Fenske: Getting back to the technology, what’s the next step for bone fusion and/or repair?
Patt: Cells need oxygen and in the body, cells are always close to a blood vessel; in fact, in bone, 90% of the cells are within a tenth of a millimeter of a blood vessel. When scientists try and grow tissue in the laboratory, they struggle to grow tissue more than 2.0mm thick that doesn’t have a “dead zone” in the center. Recently, a research group made a theoretical model of the fracture healing process and showed that in the absence of oxygen a fracture with a 3.0mm gap would not heal unless they added oxygen into their model.
Bone grafts are generally many millimeters thick. So there is a body of evidence suggesting the importance of oxygen. TheraCell has a way of providing a reservoir of oxygen in an implant. This is available to provide oxygen to cells and to allow healing to take place before vasculature is established. Our approach uses perfluorocarbons, which are biologically inert materials that naturally have a very high amount of dissolved oxygen in them. Previously, scientists have used these materials to develop artificial blood. TheraCell has shown that formulating our oxygenation technology into a demineralized bone matrix product makes a material that has faster bone formation and that the bone formed is of higher quality. The technology can also be used with stem cells, an approach that is further down our product pipeline.

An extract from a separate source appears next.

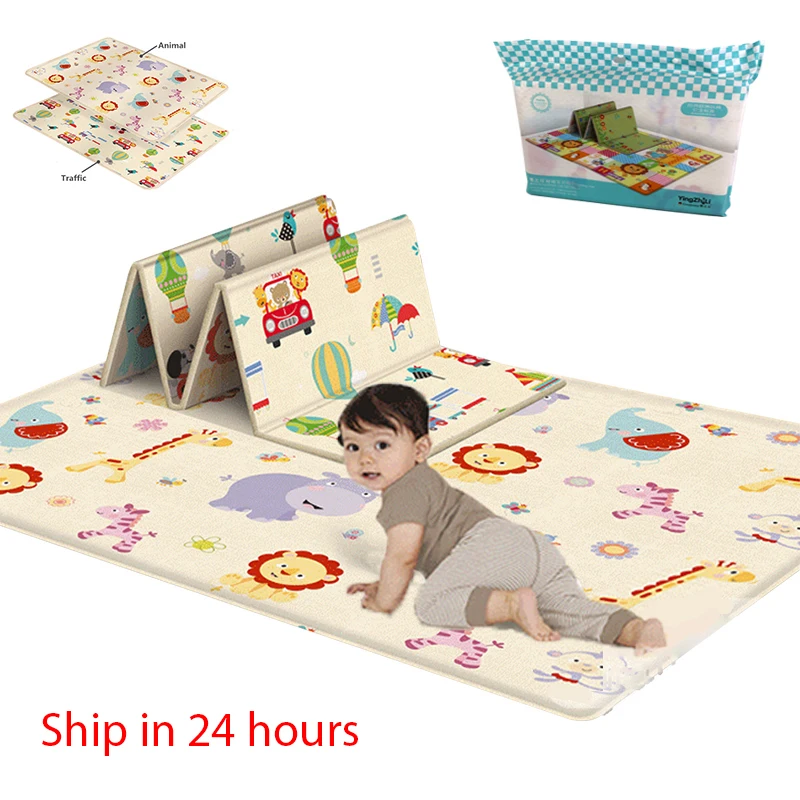 180x100 Foldable Baby Play Mat Educational Children's Carpet Children Room Climbing Pad Non-Toxic Kids Rug Activitys Games Toys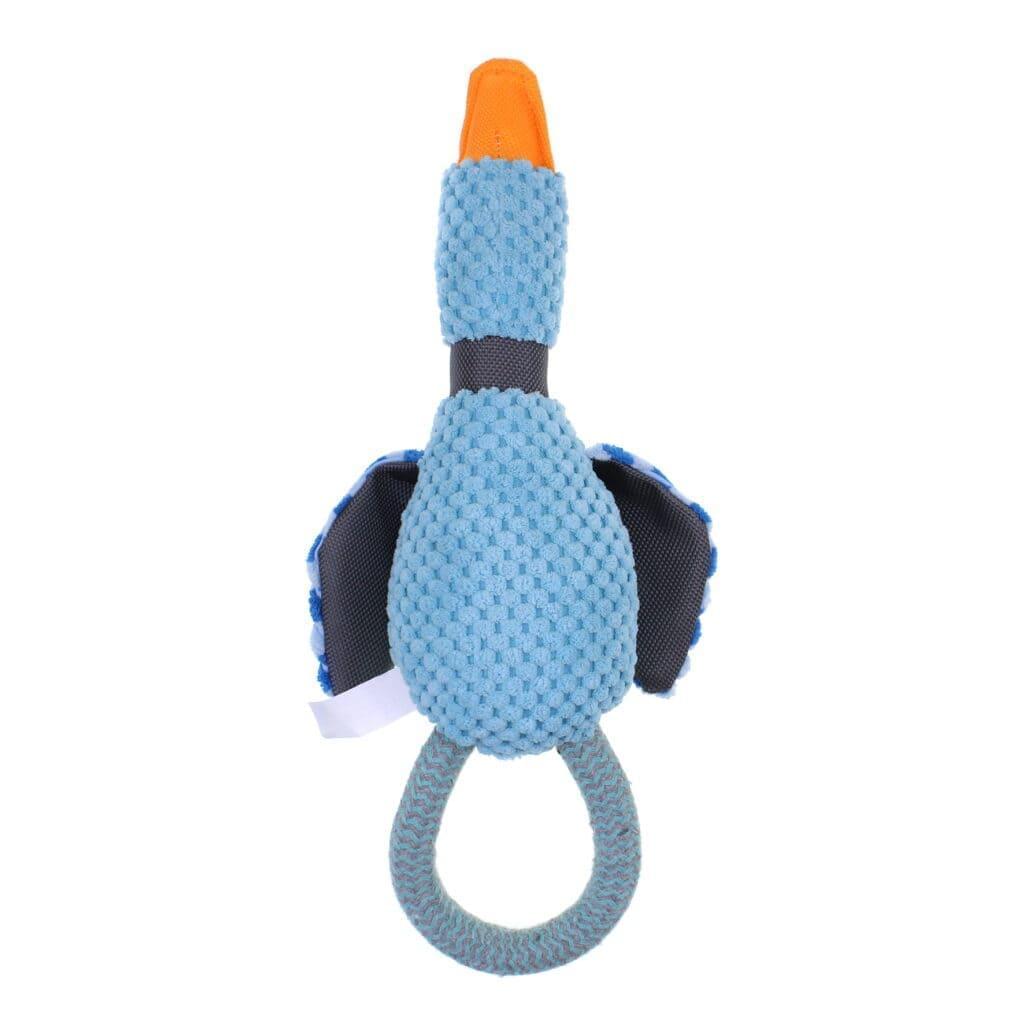 Squeaky Plush Dog Toy Blue Sky Duck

Fenske: What’s on the horizon in terms of regenerative medicine?
Patt: It’s a very exciting time in the field of regenerative medicine with great steps forward being made in regenerating all types of tissue. We feel that providing scaffolds for tissue growth and factors such as oxygen to facilitate the repair process are great enablers with broad potential.

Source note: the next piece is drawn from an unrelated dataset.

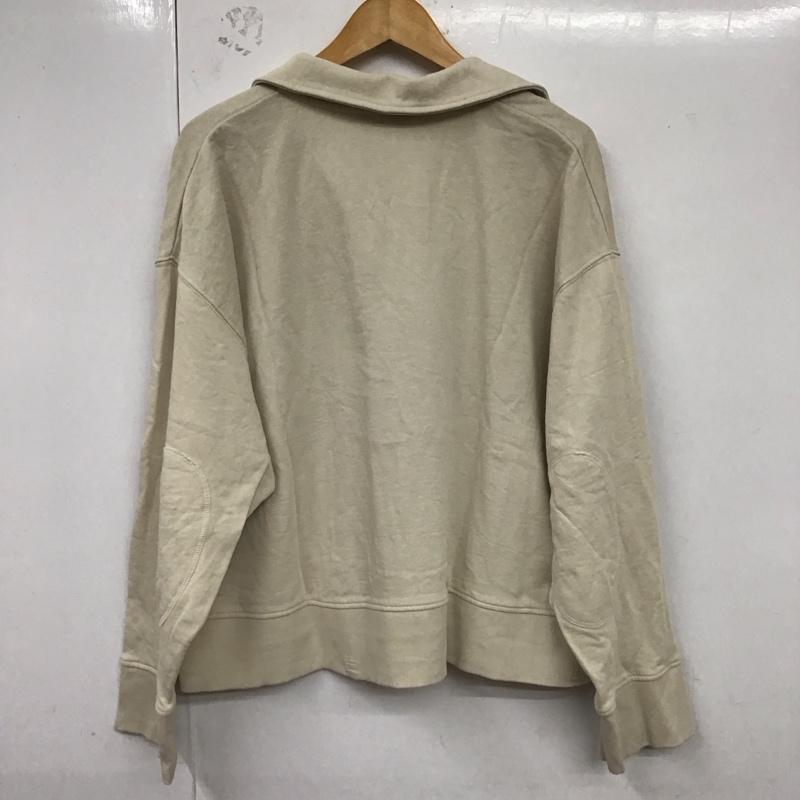 ザラ ZARA トレーナー 長袖 L 無地 アイボリー / アイボリー /  レディース USED 古着 中古 10124785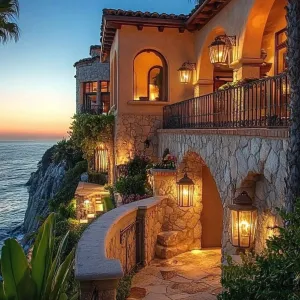 Cliffside Twilight Abode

Fenske: And on the other side of this discussion, what’s the next step in the equity crowdfunding of medical technology?
Bradley: We’re in the first inning but I’m excited about the future. The more capital we can pump into the field, the better. There may be some waste that occurs — meaning a few companies that probably shouldn’t get funded may get funded — but the output of an increase in capital deployment is generally innovation! I guess another way of saying it is that frothy markets or “bubbles” in venture investing isn’t always great for investors of the time but when you look back 10, 20, 30 years, it almost always ends up being a value add to society because a lot of innovation is the bi-product. Think the 2,000 bubble — we got Amazon, Google, Priceline, etc.